Trafford Publishing
- Parent company: Author Solutions
- Founded: 1995 (Victoria, British Columbia)
- Founder: Bruce Batchelor, Marsha Batchelor, John Norris and Steve Fisher
- Country of origin: United States
- Headquarters location: Bloomington, Indiana
- Publication types: Books
- Official website: www.trafford.com

= Trafford Publishing =

United States vanity press

Trafford Publishing is a book publishing company for self-publishing authors. Formerly based in Victoria, British Columbia, Canada, Trafford Publishing is now based in Bloomington, Indiana, US.

==History==

Trafford Publishing was founded in 1995 by Bruce and Marsha Batchelor, John Norris, and Steve Fisher, and specializes in print-on-demand (POD) publishing. The company prints books in short runs or on an individual basis. Bruce Batchelor was its CEO until 2006.
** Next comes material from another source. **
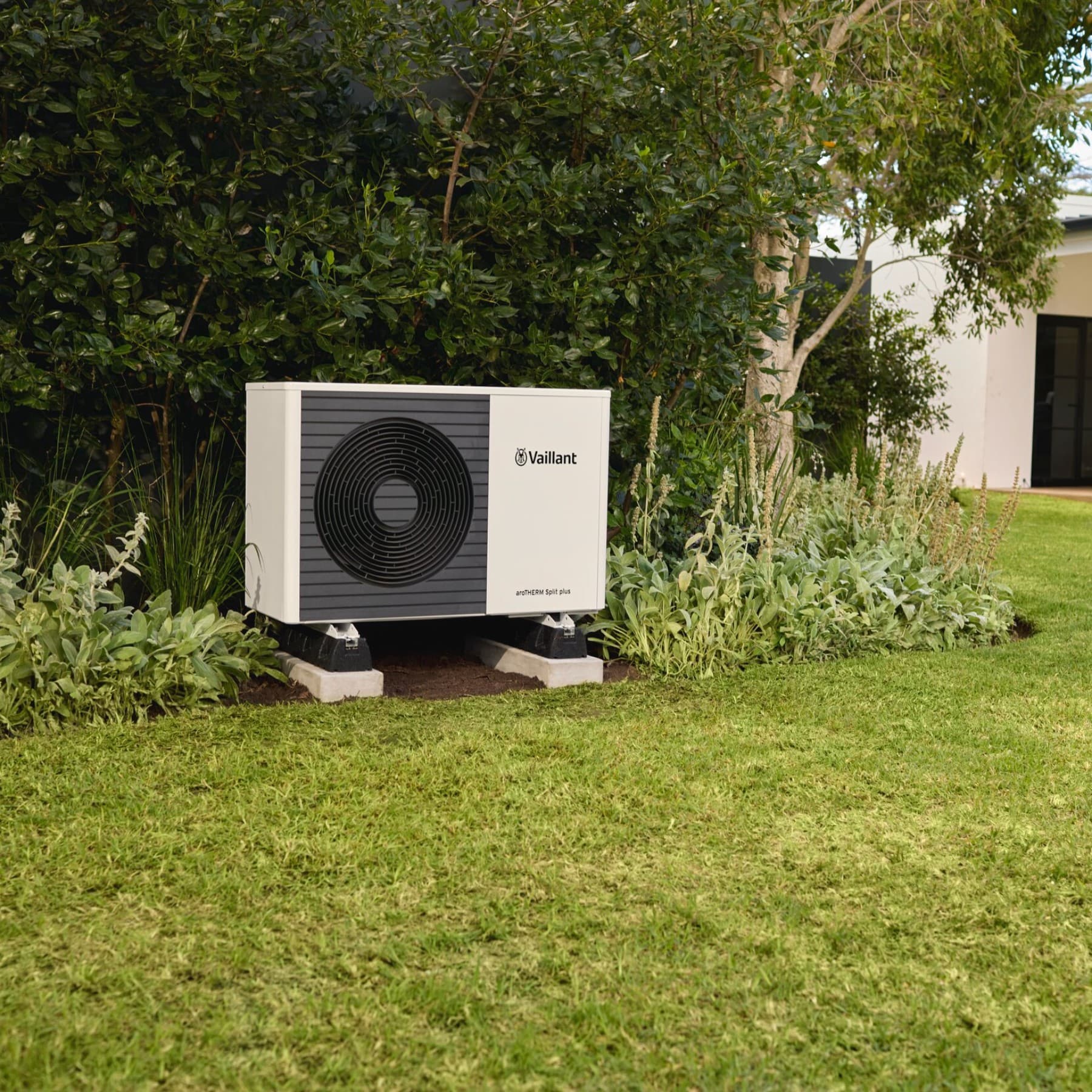 A heat pump outdoor unit in a garden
Trafford requires authors to pay for their own marketing and the initial costs of publishing. At its largest, Trafford employed around 150 people across offices in Canada, the United States, the United Kingdom, and Ireland. The company operated its own printing facility in Victoria, Canada, and also utilized the printing services of Lightning Source Inc. (LSI), a subsidiary of Ingram Books, and BookSurge LLC for its printing needs.

Trafford's services include self-publishing, online ordering, e-book conversion, and distribution.

In 2009, Trafford Publishing was acquired by Author Solutions Inc. under the ownership of Bertram Capital Management LLC, a private-equity firm based in San Mateo, California. This acquisition followed Author Solutions Inc.'s purchase of Xlibris in January 2009.